4°) Proposition d'interprétation de certaines de ces décompositions par l'existence de moments angulaires déformés puis décomposés non-trivialement ; voir en guise d'introduction à cette proposition très générale, les documents (FR et GB) consacrés à analyser la loi de Klein-Gordon. On pourrait tout aussi bien analyser l'équation de Schrödinger décrivant un électron unique avec le même état d'esprit mathématique.  

Question n°2 : "Quelle est la structure de l'univers à l'échelle de Planck? En a t-il une?"

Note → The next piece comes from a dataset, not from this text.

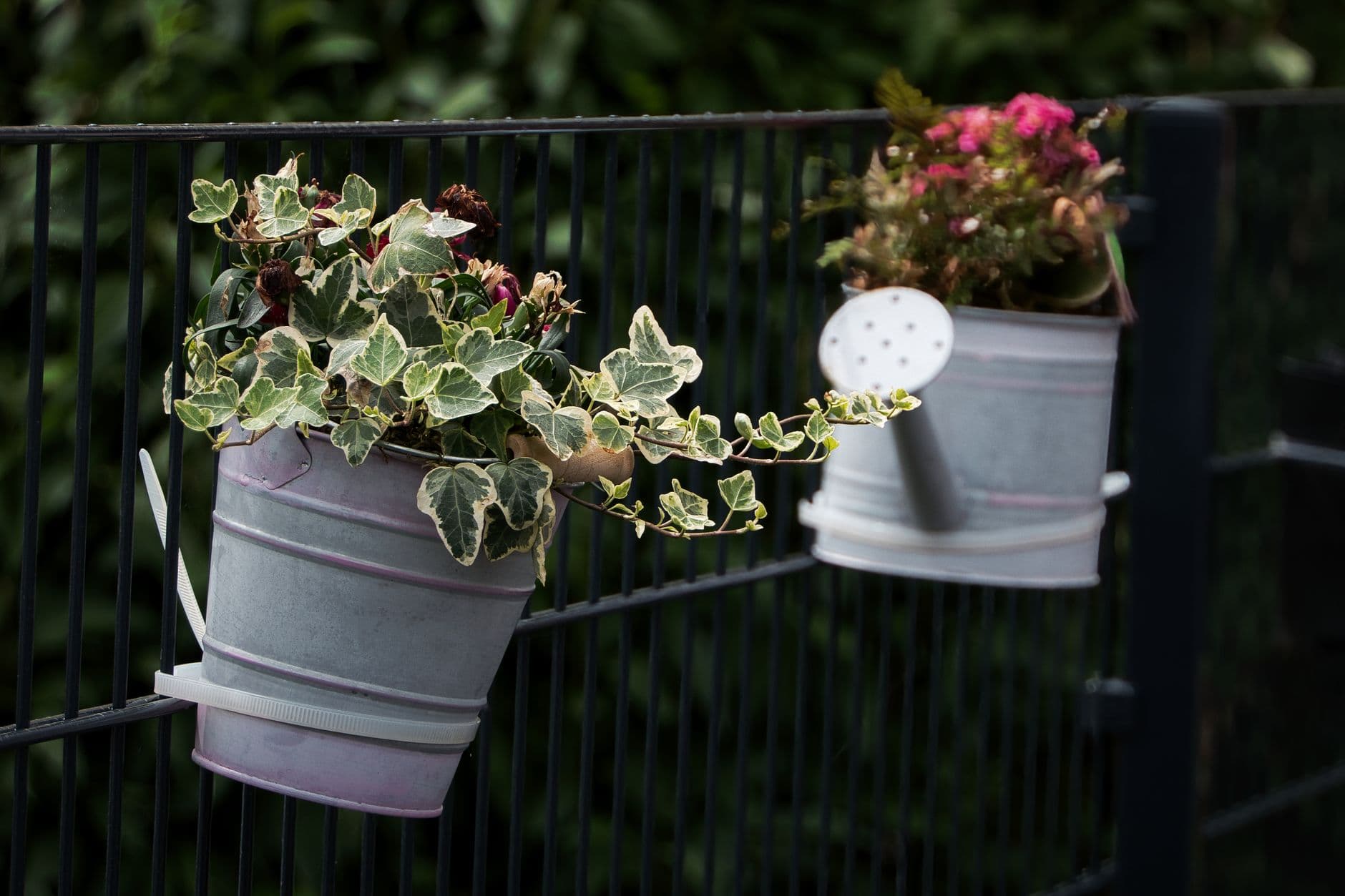 Cover image for A Watering Routine for Balcony and Patio Containers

Cette question reste une question ouverte de mon oeuvre. Je remarque cependant la présence lancinante et permanente de la figure du tétraèdre au sein de l'approche. Elle semble y jouer un rôle crucial. Pas selon le point de vue adopté par les équipes travaillant autour de la Loop Quantum Gravity. En effet, dans mon travail, le tétraèdre est un objet symbolique important à cause des propriétés du groupe qu'il représente ; et non pas à cause du découpage de l'espace-temps.   

Question n°3 : "Qu'est ce que l'espace temps?"

 A l'époque de Descartes ou de Newton et jusqu'encore au début du 20ième siècle, il était relativement aisé de séparer la notion de matière de ce qui relevait du concept de champ. L'étude approfondie des états de la matière, des changements de phase (la thermodynamique) et l'introduction de la mécanique quantique ont considérablement compliqué la compréhension de l'interface "matière-champ". Aux échelles atomiques, la frontière entre émetteur et émis, entre source et récepteur s'atténue. On pourrait imaginer à l'extrême que le monde matériel n'est que l'enchevêtrement jusqu'aux plus fines échelles permises de filaments représentant ce que nous décrivons comme étant des particules. Est-ce une vision raisonnable? Voir la page dédiée à la thématique : Métriques et aires

Question n°4 : "Existe t-il des champs électromagnétiques d'origine géométrique?"

C'est ce que je tente d'explorer au travers des documents en français 112-7, 31-1, 88-5 et 87-8.